Restate word for word the lines in the listing below, starting at the line containing "2745 Coopers Manor" and ending at the line containing "Ganze Wohnung, Familienfreundlich", both included; leave out the rest.

○ ○ ○ ○ ○ ○ ○

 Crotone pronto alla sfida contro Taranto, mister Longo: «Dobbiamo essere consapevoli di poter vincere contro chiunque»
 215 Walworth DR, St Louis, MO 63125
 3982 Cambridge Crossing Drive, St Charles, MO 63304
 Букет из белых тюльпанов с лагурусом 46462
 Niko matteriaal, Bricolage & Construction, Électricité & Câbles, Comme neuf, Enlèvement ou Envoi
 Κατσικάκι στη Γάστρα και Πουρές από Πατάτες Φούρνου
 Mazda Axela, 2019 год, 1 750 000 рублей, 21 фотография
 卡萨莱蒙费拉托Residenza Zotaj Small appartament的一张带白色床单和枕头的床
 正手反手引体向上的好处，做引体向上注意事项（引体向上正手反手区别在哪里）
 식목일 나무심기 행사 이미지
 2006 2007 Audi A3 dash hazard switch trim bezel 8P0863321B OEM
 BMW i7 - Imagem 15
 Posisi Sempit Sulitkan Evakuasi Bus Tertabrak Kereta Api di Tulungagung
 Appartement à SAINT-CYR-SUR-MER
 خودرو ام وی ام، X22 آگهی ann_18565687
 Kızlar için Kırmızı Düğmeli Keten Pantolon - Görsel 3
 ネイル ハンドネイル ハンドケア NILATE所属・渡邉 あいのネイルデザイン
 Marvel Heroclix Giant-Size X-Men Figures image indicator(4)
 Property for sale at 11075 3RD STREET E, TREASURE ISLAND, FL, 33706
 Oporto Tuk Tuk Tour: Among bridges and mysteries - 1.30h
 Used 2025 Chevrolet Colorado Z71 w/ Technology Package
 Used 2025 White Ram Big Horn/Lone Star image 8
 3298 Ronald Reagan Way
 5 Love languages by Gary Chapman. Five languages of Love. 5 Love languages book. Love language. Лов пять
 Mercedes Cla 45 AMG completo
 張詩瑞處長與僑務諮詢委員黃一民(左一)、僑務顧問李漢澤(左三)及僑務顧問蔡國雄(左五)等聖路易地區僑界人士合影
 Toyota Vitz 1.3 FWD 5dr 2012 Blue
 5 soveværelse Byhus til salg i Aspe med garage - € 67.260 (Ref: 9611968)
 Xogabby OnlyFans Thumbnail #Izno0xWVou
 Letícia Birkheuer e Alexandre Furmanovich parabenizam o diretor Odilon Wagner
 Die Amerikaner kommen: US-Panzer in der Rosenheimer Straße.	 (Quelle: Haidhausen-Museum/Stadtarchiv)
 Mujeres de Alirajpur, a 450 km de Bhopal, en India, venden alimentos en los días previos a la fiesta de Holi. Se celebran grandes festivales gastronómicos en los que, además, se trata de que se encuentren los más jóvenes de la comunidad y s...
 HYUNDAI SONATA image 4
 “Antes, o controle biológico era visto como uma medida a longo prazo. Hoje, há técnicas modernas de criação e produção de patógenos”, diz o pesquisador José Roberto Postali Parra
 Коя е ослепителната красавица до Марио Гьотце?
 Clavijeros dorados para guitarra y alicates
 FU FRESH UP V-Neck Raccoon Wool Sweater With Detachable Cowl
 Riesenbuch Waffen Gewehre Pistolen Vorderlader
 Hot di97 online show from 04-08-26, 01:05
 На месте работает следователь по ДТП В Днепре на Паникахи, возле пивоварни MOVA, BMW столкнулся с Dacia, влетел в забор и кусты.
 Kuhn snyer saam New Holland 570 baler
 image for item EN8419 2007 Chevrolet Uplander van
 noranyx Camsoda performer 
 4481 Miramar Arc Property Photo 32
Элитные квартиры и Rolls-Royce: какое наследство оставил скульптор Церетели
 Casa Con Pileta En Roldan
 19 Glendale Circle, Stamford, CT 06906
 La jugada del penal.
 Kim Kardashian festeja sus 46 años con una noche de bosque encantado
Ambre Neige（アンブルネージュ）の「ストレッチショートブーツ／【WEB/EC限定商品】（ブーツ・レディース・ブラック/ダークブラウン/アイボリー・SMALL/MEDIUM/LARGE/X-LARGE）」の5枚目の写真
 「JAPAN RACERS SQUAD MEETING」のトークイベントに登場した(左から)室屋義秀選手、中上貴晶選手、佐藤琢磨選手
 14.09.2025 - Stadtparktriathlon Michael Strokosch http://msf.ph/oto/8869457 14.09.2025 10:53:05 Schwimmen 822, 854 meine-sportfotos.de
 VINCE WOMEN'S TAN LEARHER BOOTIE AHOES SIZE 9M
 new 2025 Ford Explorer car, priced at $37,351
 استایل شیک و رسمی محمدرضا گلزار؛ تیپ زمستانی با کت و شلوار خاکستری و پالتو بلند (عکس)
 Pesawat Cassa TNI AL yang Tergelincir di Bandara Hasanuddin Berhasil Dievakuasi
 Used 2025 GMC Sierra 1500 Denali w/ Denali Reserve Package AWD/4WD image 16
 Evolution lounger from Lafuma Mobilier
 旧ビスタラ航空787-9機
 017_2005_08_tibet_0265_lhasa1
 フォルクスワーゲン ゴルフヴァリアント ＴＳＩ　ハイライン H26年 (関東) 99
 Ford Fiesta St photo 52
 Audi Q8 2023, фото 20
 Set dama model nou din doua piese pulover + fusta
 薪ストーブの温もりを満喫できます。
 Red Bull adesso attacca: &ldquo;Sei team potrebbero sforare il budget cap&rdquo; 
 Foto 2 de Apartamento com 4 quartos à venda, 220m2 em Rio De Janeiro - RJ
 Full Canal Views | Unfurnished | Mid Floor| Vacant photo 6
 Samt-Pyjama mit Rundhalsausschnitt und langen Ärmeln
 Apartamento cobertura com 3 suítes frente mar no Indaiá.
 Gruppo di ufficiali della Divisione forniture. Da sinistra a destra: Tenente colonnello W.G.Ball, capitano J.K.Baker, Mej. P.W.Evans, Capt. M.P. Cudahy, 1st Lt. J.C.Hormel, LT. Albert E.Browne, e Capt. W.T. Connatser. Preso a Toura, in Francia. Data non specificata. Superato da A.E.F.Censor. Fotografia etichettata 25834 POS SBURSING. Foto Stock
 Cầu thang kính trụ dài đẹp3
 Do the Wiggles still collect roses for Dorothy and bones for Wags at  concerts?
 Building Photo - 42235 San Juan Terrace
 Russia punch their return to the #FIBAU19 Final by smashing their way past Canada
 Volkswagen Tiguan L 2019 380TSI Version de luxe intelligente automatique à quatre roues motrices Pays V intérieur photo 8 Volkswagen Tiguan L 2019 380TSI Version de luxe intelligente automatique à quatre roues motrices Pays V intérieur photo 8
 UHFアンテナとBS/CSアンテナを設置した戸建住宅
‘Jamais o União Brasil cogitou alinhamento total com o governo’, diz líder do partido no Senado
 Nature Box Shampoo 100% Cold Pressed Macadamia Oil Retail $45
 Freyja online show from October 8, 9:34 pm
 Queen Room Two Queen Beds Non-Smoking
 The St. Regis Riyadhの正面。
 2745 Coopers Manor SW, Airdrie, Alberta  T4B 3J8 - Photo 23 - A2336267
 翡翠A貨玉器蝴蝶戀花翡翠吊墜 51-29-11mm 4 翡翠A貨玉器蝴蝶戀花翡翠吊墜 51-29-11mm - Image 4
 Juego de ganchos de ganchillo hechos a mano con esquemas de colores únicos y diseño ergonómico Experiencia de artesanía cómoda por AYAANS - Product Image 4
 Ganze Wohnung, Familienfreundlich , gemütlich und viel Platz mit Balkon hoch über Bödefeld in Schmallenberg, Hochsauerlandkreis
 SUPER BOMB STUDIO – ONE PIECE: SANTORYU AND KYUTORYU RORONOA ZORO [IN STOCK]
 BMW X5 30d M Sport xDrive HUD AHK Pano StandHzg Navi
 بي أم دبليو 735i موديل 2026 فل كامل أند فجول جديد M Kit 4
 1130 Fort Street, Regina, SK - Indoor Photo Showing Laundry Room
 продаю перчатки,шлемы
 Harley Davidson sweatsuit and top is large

○ ○ ○ ○ ○ ○ ○

:: SOLUTION TO THE PROBLEM ::
 2745 Coopers Manor SW, Airdrie, Alberta  T4B 3J8 - Photo 23 - A2336267
 翡翠A貨玉器蝴蝶戀花翡翠吊墜 51-29-11mm 4 翡翠A貨玉器蝴蝶戀花翡翠吊墜 51-29-11mm - Image 4
 Juego de ganchos de ganchillo hechos a mano con esquemas de colores únicos y diseño ergonómico Experiencia de artesanía cómoda por AYAANS - Product Image 4
 Ganze Wohnung, Familienfreundlich , gemütlich und viel Platz mit Balkon hoch über Bödefeld in Schmallenberg, Hochsauerlandkreis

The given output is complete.